__Description of the task__:
From the line below that contains "Section 8 Rbw-4980 Michael Jackson Ear Buds" to the line that contains "Garage Door Panel", repeat every line exactly, both ends included, and nothing else.

[Recorded data]
□ □ □
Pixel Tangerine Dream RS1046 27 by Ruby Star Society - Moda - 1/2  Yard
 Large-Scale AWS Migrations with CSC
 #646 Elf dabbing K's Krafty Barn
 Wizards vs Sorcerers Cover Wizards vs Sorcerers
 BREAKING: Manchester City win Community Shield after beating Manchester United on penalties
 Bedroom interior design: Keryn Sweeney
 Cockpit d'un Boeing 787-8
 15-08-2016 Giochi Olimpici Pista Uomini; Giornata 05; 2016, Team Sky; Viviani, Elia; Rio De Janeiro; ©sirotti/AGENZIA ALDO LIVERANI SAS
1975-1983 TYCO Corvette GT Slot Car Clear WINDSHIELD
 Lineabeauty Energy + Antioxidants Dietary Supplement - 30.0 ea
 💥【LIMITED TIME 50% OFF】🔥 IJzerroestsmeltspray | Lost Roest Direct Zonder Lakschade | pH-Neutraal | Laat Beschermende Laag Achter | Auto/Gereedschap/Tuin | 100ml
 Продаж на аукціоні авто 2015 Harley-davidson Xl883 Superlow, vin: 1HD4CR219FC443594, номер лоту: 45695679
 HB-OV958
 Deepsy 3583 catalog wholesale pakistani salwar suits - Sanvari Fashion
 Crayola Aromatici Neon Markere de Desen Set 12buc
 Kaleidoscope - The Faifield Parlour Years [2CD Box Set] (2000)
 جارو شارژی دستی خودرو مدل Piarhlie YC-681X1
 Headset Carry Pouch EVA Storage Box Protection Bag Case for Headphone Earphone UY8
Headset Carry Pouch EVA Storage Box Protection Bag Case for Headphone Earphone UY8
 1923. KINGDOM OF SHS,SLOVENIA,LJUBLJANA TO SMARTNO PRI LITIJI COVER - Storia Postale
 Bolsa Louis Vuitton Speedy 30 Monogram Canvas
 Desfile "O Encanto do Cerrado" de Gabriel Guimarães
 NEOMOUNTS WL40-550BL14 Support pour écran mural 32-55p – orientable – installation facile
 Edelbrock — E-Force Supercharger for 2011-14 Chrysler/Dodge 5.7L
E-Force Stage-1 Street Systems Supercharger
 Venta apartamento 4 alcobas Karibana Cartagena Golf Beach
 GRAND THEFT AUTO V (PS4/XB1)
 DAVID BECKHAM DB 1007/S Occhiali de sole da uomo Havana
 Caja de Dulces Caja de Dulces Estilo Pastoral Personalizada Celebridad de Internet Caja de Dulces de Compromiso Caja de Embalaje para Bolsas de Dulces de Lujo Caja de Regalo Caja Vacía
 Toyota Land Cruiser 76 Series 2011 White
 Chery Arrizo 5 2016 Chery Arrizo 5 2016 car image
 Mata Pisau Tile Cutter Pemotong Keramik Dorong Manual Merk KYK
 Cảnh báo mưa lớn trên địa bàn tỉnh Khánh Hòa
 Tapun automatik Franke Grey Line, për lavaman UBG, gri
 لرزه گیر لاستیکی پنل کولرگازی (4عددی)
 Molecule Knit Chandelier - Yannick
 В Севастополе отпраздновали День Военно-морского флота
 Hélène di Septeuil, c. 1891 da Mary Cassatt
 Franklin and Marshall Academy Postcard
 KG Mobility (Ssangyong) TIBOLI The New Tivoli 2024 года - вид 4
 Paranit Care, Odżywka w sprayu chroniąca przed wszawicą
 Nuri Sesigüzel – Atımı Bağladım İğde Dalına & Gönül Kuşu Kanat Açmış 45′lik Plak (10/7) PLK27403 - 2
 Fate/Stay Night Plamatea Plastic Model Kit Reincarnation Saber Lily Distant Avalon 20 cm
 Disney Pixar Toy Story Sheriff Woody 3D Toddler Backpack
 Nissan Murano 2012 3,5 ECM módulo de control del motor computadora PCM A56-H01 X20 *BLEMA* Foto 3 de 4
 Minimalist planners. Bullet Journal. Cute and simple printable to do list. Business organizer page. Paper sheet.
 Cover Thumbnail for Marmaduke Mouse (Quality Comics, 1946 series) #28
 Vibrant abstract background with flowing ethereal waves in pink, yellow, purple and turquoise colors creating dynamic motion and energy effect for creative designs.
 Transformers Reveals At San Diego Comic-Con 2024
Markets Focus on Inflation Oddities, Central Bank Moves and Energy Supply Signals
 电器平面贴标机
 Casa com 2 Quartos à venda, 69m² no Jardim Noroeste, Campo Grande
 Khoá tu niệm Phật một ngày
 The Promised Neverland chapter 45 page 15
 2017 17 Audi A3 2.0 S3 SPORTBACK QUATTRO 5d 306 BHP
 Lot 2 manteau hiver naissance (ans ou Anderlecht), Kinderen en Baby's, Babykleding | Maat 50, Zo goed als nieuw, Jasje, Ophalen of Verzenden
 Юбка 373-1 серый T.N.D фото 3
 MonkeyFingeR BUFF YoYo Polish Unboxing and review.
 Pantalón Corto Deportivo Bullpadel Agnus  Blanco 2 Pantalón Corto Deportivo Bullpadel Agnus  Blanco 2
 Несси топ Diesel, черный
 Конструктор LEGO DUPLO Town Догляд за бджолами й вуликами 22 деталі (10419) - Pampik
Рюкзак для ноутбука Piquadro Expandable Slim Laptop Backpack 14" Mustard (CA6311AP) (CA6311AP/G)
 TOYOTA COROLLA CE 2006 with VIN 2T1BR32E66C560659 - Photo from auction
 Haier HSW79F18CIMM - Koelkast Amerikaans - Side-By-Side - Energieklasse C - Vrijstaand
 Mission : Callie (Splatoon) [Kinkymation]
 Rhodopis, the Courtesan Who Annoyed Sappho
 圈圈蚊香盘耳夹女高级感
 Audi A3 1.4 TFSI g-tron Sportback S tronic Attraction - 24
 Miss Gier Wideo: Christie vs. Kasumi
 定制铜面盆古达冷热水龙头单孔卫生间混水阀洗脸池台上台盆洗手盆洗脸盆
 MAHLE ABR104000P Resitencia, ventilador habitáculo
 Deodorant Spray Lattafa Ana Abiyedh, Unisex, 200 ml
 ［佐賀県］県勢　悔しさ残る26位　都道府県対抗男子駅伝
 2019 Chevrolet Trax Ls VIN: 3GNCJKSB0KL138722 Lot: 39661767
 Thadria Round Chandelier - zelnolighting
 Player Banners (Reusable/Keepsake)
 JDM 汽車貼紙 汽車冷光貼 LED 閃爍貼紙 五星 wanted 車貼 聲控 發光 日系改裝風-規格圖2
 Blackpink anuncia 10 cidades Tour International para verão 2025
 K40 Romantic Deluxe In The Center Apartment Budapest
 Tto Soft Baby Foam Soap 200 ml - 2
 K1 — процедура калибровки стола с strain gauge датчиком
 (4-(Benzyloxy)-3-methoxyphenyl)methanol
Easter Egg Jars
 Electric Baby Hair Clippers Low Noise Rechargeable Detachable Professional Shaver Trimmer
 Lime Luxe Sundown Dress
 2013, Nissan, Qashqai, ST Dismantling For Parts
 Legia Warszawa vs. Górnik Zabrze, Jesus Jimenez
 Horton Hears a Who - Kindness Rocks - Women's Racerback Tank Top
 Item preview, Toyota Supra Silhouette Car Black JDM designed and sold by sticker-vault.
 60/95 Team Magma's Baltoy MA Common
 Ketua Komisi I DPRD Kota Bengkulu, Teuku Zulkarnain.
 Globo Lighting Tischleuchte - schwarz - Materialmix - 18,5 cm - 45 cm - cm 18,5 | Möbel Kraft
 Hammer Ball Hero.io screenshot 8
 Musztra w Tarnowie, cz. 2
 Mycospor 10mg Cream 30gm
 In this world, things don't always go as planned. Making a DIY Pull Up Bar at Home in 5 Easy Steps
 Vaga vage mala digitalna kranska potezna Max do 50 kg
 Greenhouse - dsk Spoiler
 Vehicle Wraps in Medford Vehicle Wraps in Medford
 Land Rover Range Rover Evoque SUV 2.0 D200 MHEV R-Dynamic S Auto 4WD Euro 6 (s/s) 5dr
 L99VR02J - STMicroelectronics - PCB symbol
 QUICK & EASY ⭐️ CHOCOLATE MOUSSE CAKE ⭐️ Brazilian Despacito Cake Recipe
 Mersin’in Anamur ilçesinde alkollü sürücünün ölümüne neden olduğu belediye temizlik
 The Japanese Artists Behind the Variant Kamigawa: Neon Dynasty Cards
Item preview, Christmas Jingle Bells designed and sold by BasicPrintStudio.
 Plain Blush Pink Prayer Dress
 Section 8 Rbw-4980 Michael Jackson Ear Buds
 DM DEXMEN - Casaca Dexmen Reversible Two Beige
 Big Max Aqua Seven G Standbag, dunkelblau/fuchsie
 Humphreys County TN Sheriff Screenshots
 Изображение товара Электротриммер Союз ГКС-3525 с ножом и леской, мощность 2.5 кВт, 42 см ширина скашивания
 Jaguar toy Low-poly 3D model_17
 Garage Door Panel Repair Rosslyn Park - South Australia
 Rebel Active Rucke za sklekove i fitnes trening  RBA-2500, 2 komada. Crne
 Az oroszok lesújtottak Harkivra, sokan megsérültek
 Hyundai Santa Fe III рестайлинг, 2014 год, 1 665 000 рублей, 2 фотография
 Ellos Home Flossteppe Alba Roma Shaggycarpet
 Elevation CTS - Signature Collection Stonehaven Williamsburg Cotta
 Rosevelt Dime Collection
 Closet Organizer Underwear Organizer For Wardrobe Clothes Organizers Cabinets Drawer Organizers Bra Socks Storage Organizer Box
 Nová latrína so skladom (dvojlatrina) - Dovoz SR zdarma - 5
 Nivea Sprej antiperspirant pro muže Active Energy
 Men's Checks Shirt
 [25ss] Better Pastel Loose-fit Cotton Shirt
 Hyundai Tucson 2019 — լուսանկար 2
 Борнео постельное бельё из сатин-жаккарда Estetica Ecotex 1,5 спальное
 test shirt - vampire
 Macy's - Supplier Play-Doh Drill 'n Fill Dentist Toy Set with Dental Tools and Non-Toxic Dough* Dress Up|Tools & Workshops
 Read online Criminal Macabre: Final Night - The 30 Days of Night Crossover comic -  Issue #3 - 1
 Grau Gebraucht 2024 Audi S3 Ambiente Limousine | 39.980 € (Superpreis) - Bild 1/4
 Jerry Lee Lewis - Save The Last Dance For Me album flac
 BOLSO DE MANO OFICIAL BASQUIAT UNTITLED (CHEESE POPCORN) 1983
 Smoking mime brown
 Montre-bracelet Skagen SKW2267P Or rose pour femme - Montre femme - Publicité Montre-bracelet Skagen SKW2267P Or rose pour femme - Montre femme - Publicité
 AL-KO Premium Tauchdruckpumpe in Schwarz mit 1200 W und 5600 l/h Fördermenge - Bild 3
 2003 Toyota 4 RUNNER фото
□ □ □
__Exercise solution__:
 Section 8 Rbw-4980 Michael Jackson Ear Buds
 DM DEXMEN - Casaca Dexmen Reversible Two Beige
 Big Max Aqua Seven G Standbag, dunkelblau/fuchsie
 Humphreys County TN Sheriff Screenshots
 Изображение товара Электротриммер Союз ГКС-3525 с ножом и леской, мощность 2.5 кВт, 42 см ширина скашивания
 Jaguar toy Low-poly 3D model_17
 Garage Door Panel Repair Rosslyn Park - South Australia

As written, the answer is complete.